As with past productions, the Windy City Playhouse’s current show provides a different kind of experience, this time moving the necessarily small audience between a dorm room, jail cell, poolside patio, restaurant, bar, and health club sauna, which, as far as I could tell, served no purpose other than to show off the actors’ pecs and the stage crew’s ability to quickly transform the space.
There’s a lot of yelling, which, in my opinion, often replaces more interesting subtlety, and which I find annoying enough in a normal theater space, but when you’re three feet from the actors, it makes me want to close my eyes and go to a happy place.
The actors do a fine job of ignoring audience members while moving among them, except on those occasions when interaction is intended, as when one of them took me by surprise by calling out my name and delivering to me a cold, awful tasting shot of coffee in the middle of a scene, the occasion of which I nonetheless intend to add to my stage resume as an uncredited role.
It’s a serious show, but I found the delivery of the message to be somewhat convoluted, with unnecessary details inserted for no apparent reason other than to fill time.
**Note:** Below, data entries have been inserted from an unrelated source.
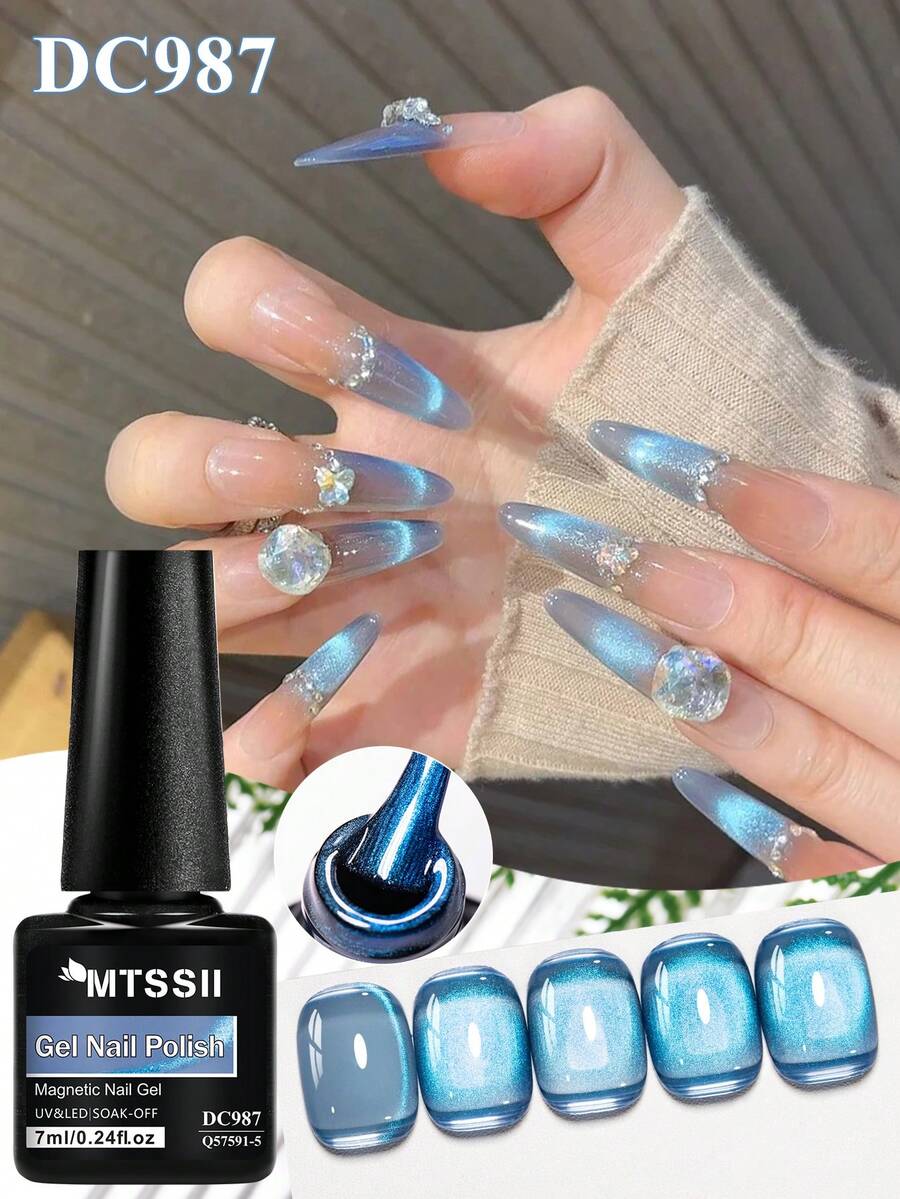 Mtssii 1 lọ 7ml Sơn móng tay gel mắt mèo màu xanh huỳnh quang, hiệu ứng hạt thủy tinh lấp lánh gradient, sơn gel từ tính hình mèo, sơn gel UV LED bán vĩnh cửu, dễ tẩy rửa, thích hợp cho móng tay mùa hè, dụng cụ làm móng DIY cho salon và gia đình. - Nhiều màu - Xem 1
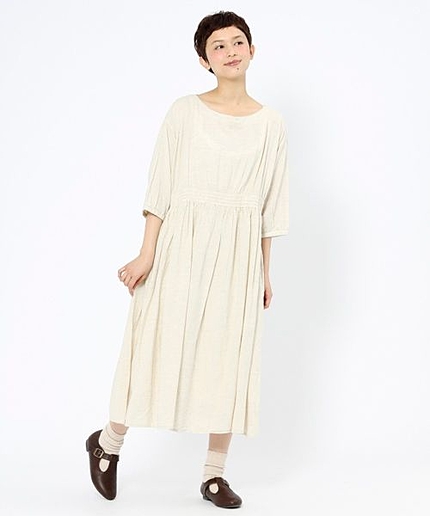 コットンレーヨン混ウエストギャザーワンピース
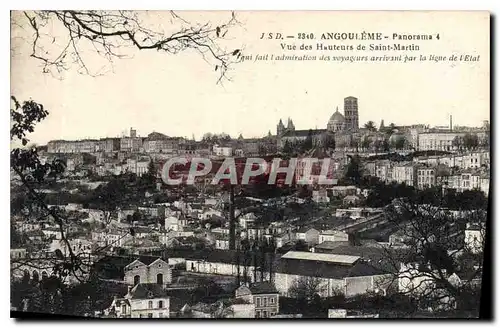 Cartes postales Angouleme Panorama 4 vue des Hauteurs de Saint Martin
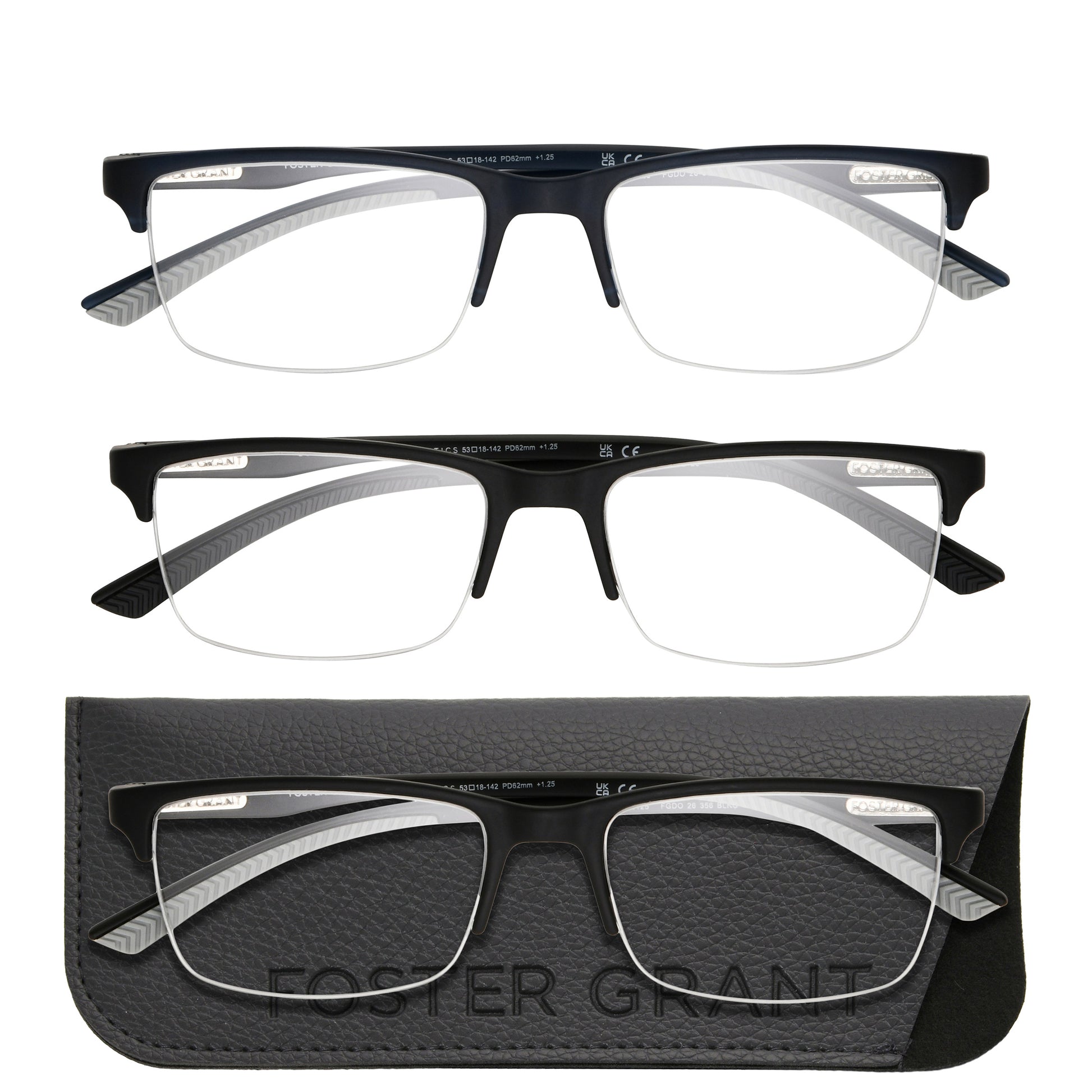 Design Optics by Foster Grant #356 Semi-Rim Rectangle Reading Glasses, 3-pack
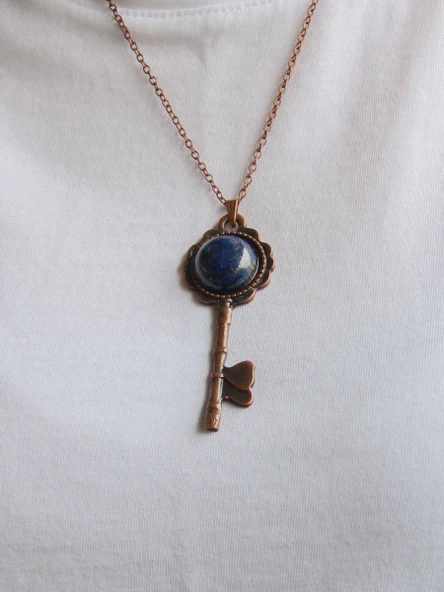 Doğal Taş Lapis Doğal Taşlı Anahtar Model Kadın Antik Kolye euk35lps - Resim 3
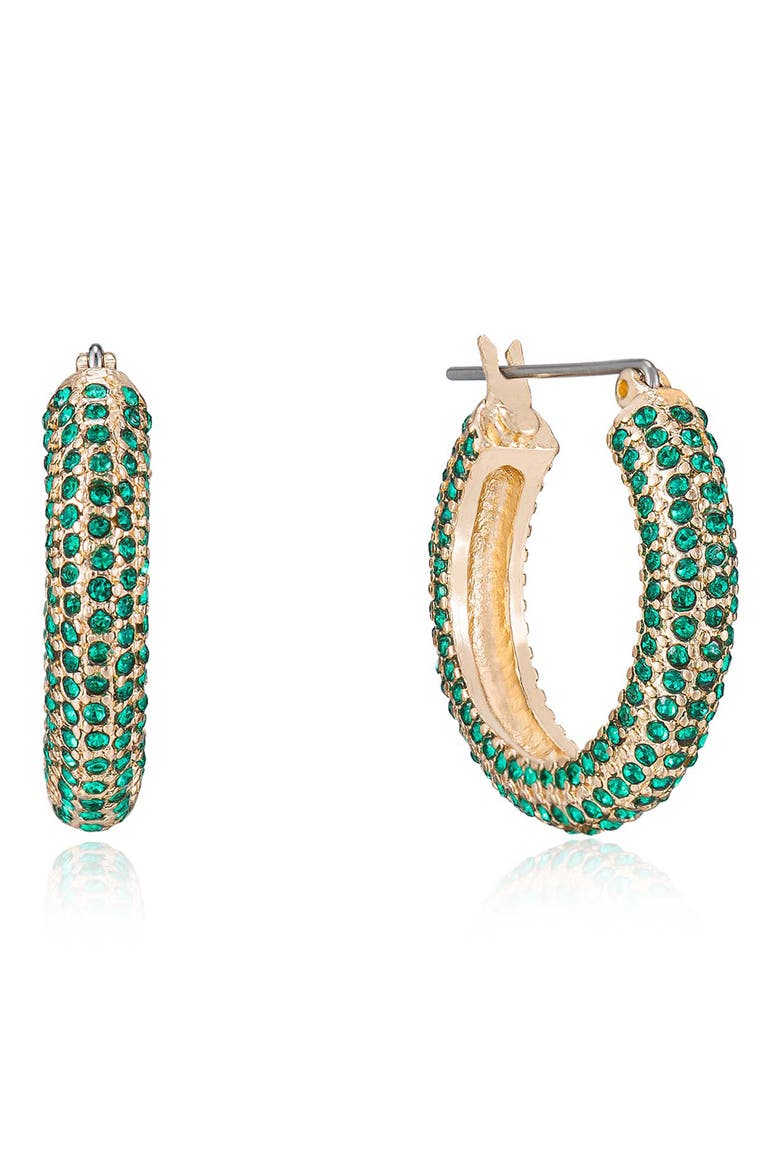 Cubic Zirconia Tube Hoop Earrings, Main, color, GREEN
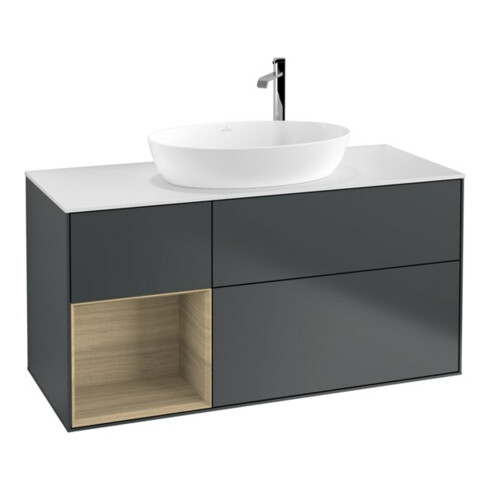 V&B Waschtischunterschrank Finion 120cm, Pl w m, Reg Oa ven, md bl. m Lac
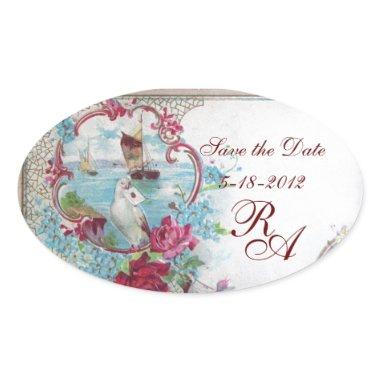 ROMANTICA MONOGRAM,Save the Date,White Oval Sticker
In particular, I couldn’t help but cringe when a lawyer asked his client to sign something that bore no relation to the thread of the story and would be a clear violation of legal ethics rules. I later felt compelled to go to the playwright’s webpage and send him a message citing the rule he had his character breaking. I’m sure that will go over well.
I love the creativity of the Windy City Playhouse, but The Recommendation does not get mine.